Ademais, como bem ressaltou o Defensor constituído, não houve desamparo ao réu. Na audiência realizada no Juízo deprecado, foi nomeado Advogado dativo para a solenidade.
Nessa Corte, o entendimento ora empregado já foi objeto de decisões anteriores, como se pode notar do acórdão da relatoria do Desembargador Aramis Nassif, assim ementado:
“Correição Parcial. Precatória. Defensores constituídos ausentes na audiência de inquirição. Art. 265. Multa. Inaplicabilidade. 1 - Art. 265, CPP: Quando o texto legal refere-se ao ‘processo’, mesmo não excluindo o ‘ato’ (inquirição de testemunhas), permite apenas legitimação ao Juiz do processo e não o do ato deprecado para a aplicar a sanção. Ao Juízo deste incumbiria, apenas, consignar a ausência injustificada ao ‘ato’ para que o Juiz do ‘processo’, se fosse seu entendimento, optasse pela multa. 2 - Multa. Destinação ao Defensor ad hoc: trata-se de multa administrativa a prevista no art. 265, CPP, e não de verba honorária, só possível em hipótese de sucumbência. Inviabilidade de destinar a multa ao Defensor ad hoc, que tem meio legal para cobrar, do Estado, os honorários fixados na sentença. 3 - Defensor constituído: a atuação de Defensor constituído na defesa do patrocinado envolve relação contratual e fidelidade de mandato que, por eventual descumprimento, pode sujeitar os profissionais à indenização por iniciativa do patrocinado, a ser debatida como obrigação civil no Juízo adequado. 4 - Multa. Destinação ao Defensor Dativo: sem previsão legal para destinar a multa prevista no art. 265, CPP, aos Defensores Dativos e existindo norma administrativa (Ato nº 31/2008 P, TJRS) que regulamenta a fixação dos honorários destes, vedado era a eleição daquela opção pelo Juízo deprecado“ (CorPar nº 70029583218; 5ª Câm. Criminal; TJRS; Rel. Aramis Nassif; j. 27/5/2009).

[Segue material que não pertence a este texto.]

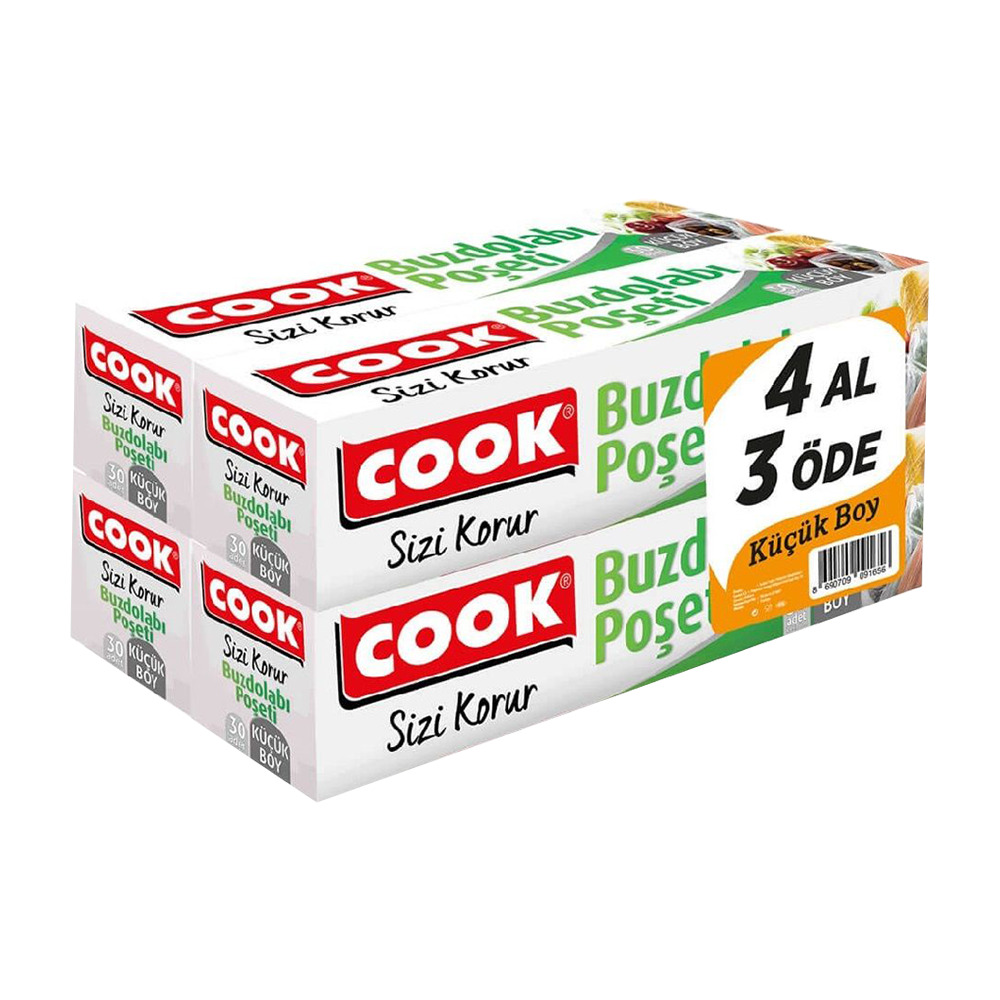 Cook Küçük Boy Buzdolabı Poşeti 4 Al 3 Öde 20*30 Cm 30 Lu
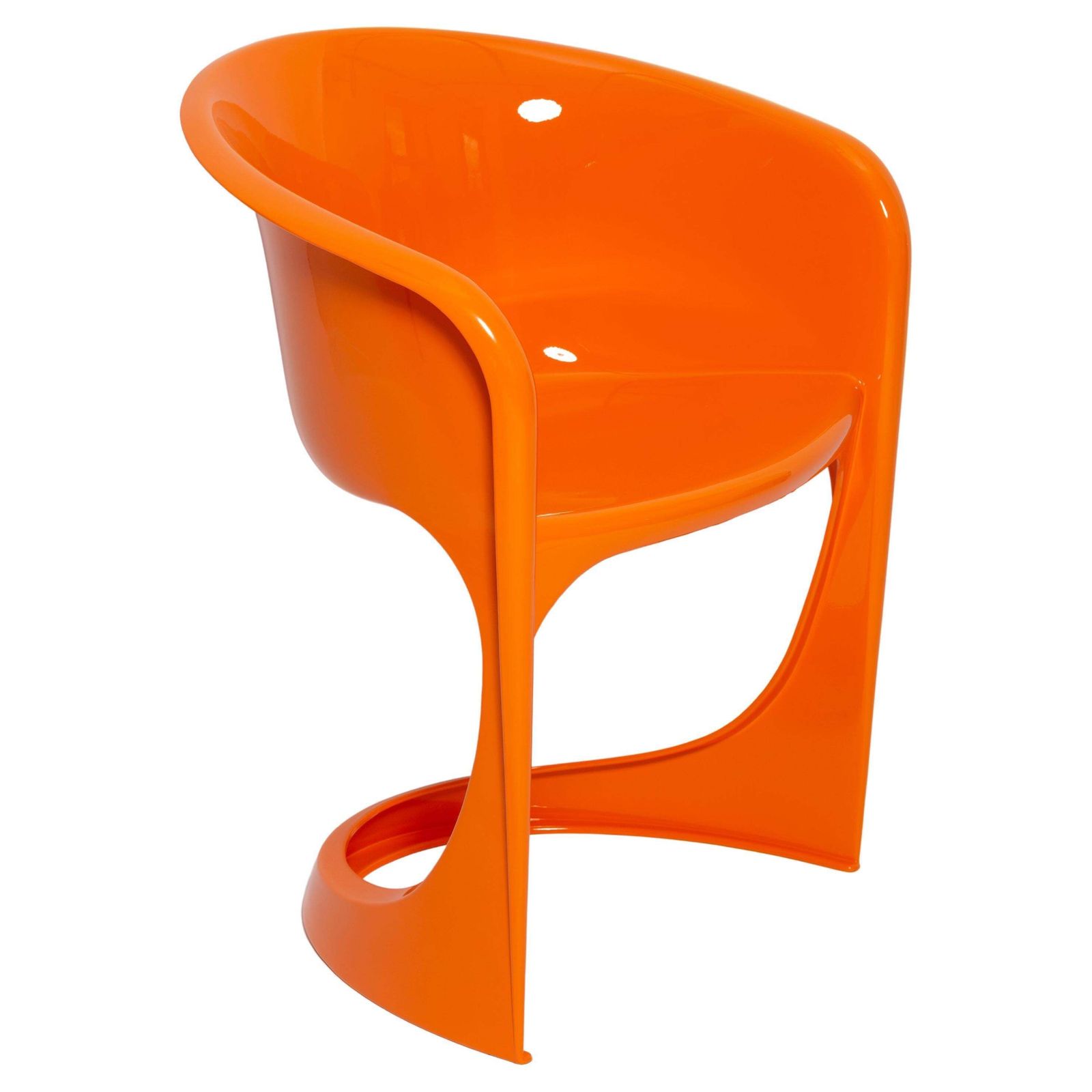 Mid Century Glossy Orange Cado Chair, Steen østergaard, 1974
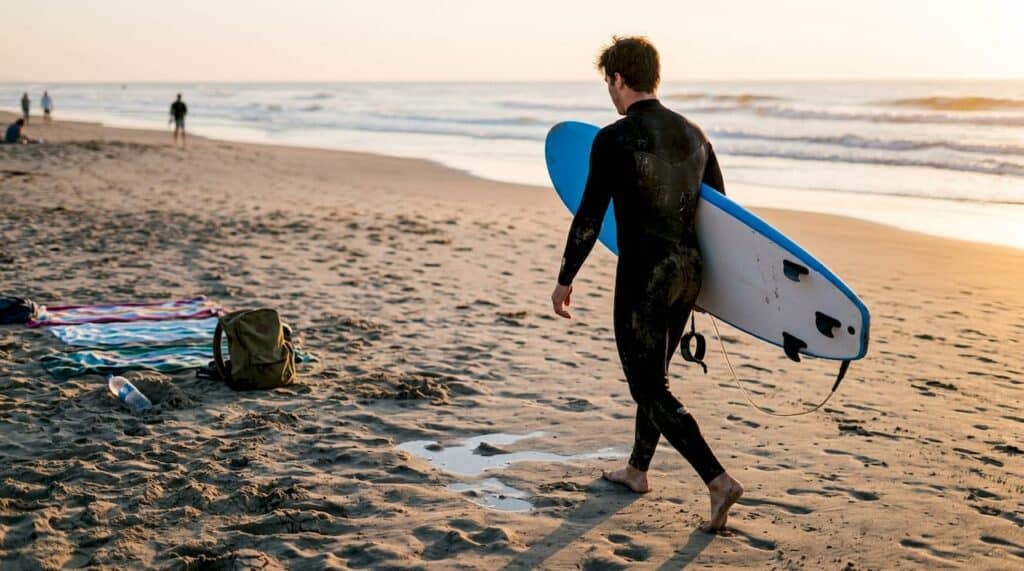 Con las primeras luces del día, un principiante del surf se dirige hacia las olas, tabla en mano, listo para enfrentarse al mar.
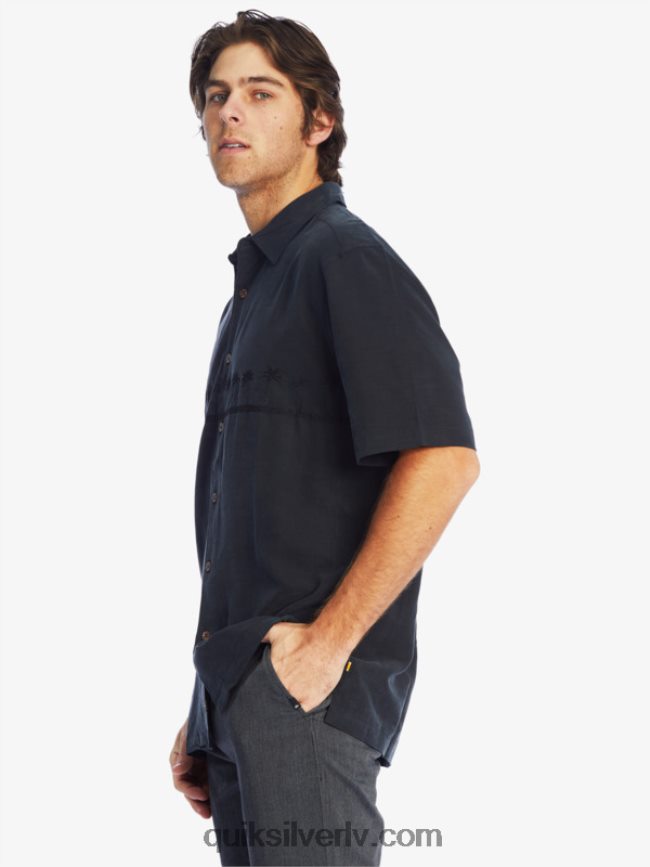 vīriešiem Quiksilver waterman tahiti palms premium pretgrumbu krekls melns 88064R868
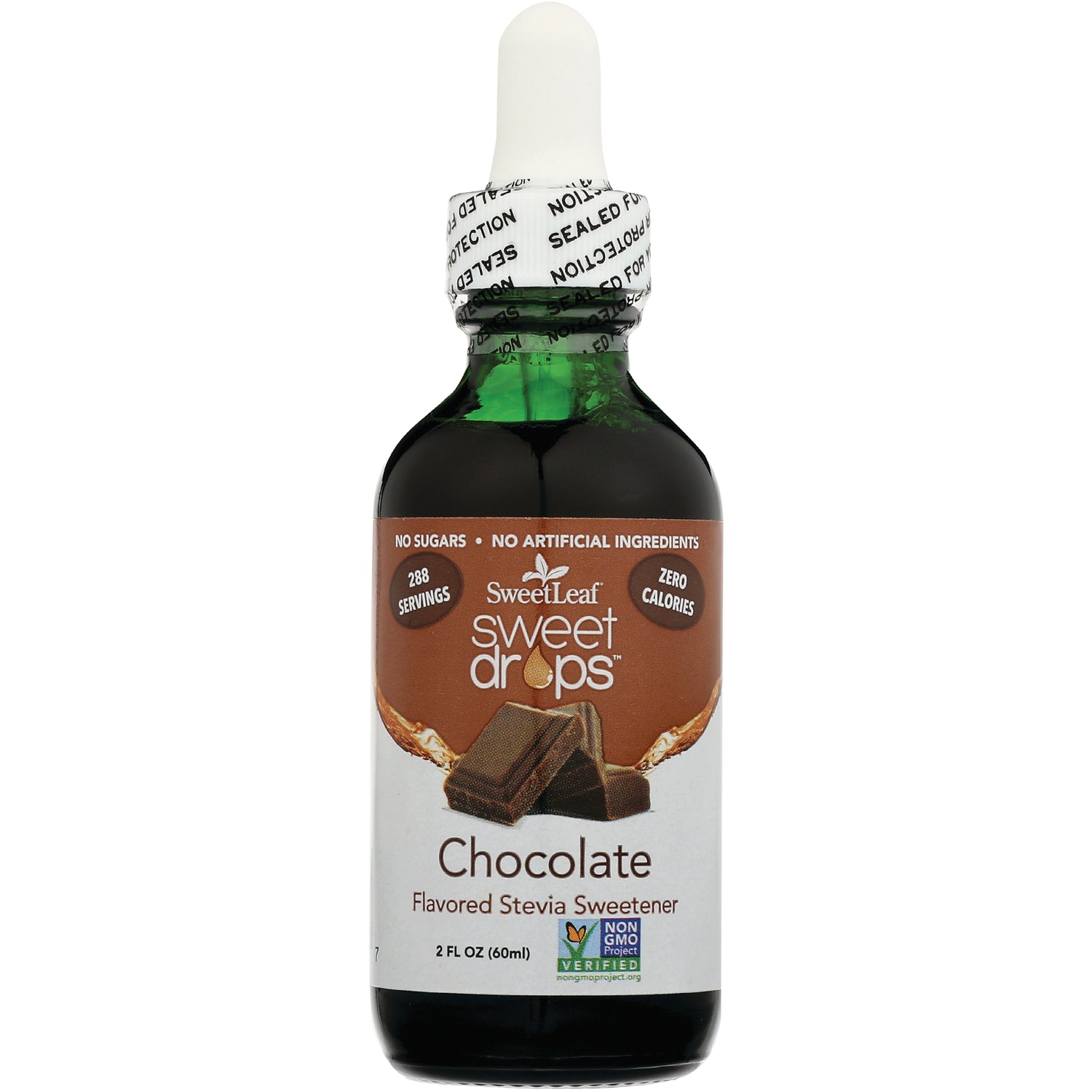 WA033 | SweetLeaf Sweet Drops Chocolate flavored stevia sweetener, 2 fl oz dropper bottle, Zero Calories, Non-GMO Verified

Desse modo, no caso em tela, a mera ausência do Defensor na audiência de oitiva de uma testemunha ou vítima, em Juízo deprecado, não caracteriza abandono da causa capaz de ensejar a incidência da sanção prevista no art. 265 do CPP.
Há 2 potencialidades a serem consideradas no art. 265 do CPP: abandono e processo. Abandonar, dentre outros significados, mas restritos ao caso, do francês abandonner, indica deixar para sempre ou por muito tempo pessoas ou coisas, descurar, desinteressar-se, deixar sem auxílio, abandonar. O processo se constitui em um procedimento em contraditório, composto por vários atos processuais, que formam, na dinâmica da movimentação interna, várias situações processuais contextualizadas em cada caso concreto. Uma audiência, embora parte do todo - processo -, não representa a totalidade nem parte significativa - no Juízo deprecado - do processo.

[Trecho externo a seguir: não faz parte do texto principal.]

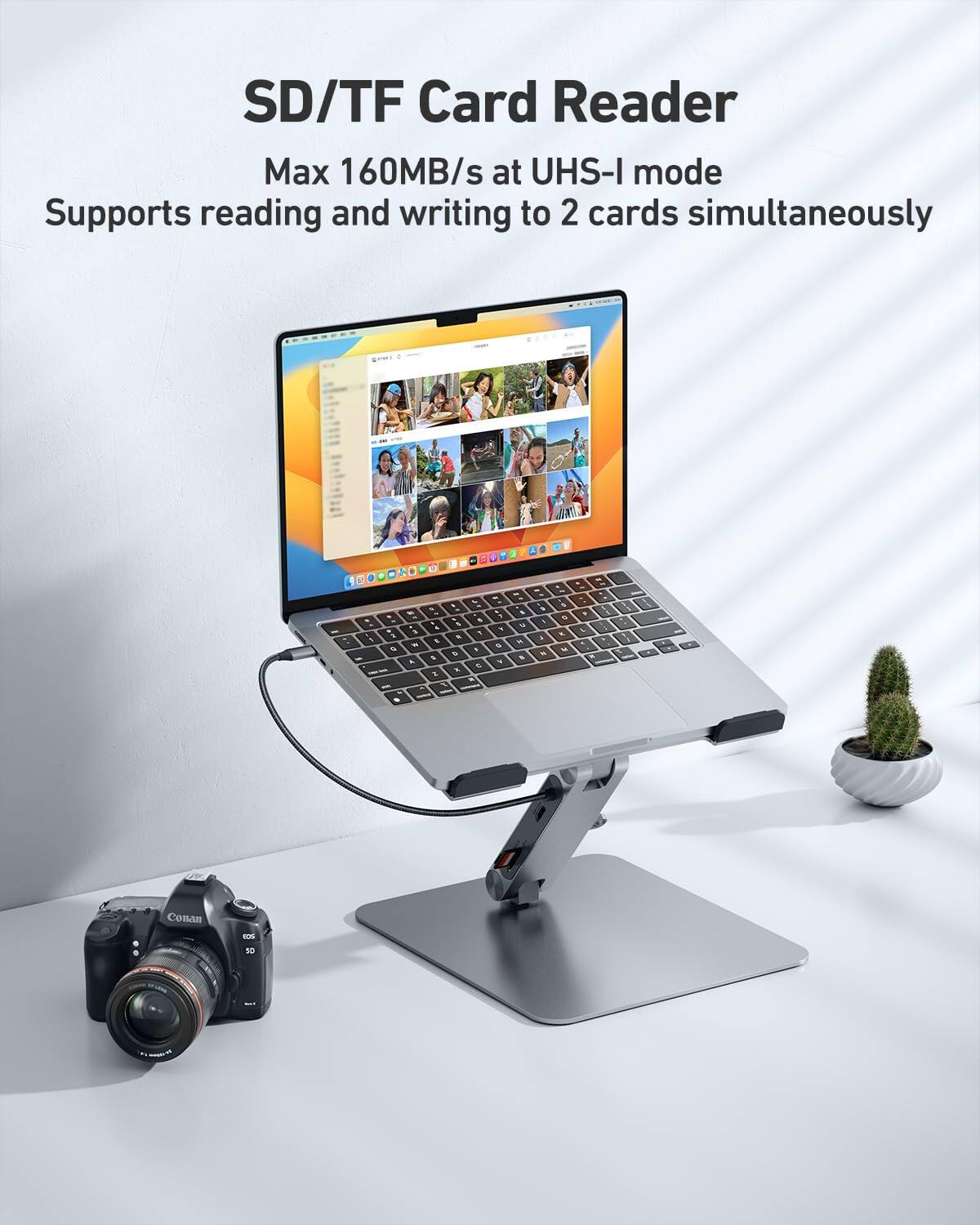 SD/TF Card Reader  
Max 160MB/s at UHS-I mode  
Supports reading and writing to 2 cards simultaneously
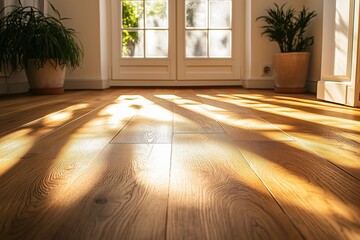 Fototapeta premium Serene wooden floor bathed in warm sunlight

Portanto, a ausência a uma audiência no Juízo deprecado não se insere no contexto de abandono nem abandono do processo.
Ademais, o dispositivo legal não determina ao Juiz a aplicação da sanção administrativa, existindo órgão de classe com atribuição específica para tal.
Mais. Já vamos longe da época em que se aplicavam sanções sem nenhuma possibilidade de defesa.
Isso posto, estou em confirmar a Liminar e em deferir a presente Correição Parcial.
Desembargador Mario Rocha Lopes Filho: de acordo com o Relator.
Desembargador Carlos Alberto Etcheverry: de acordo com o Relator.
Desembargador Nereu José Giacomolli (Presidente): Correição Parcial nº 70032472839, Comarca de Sapiranga: “à unanimidade, deferiram o pedido para excluir a multa aplicada pela ausência do Defensor na audiência no Juízo deprecado”.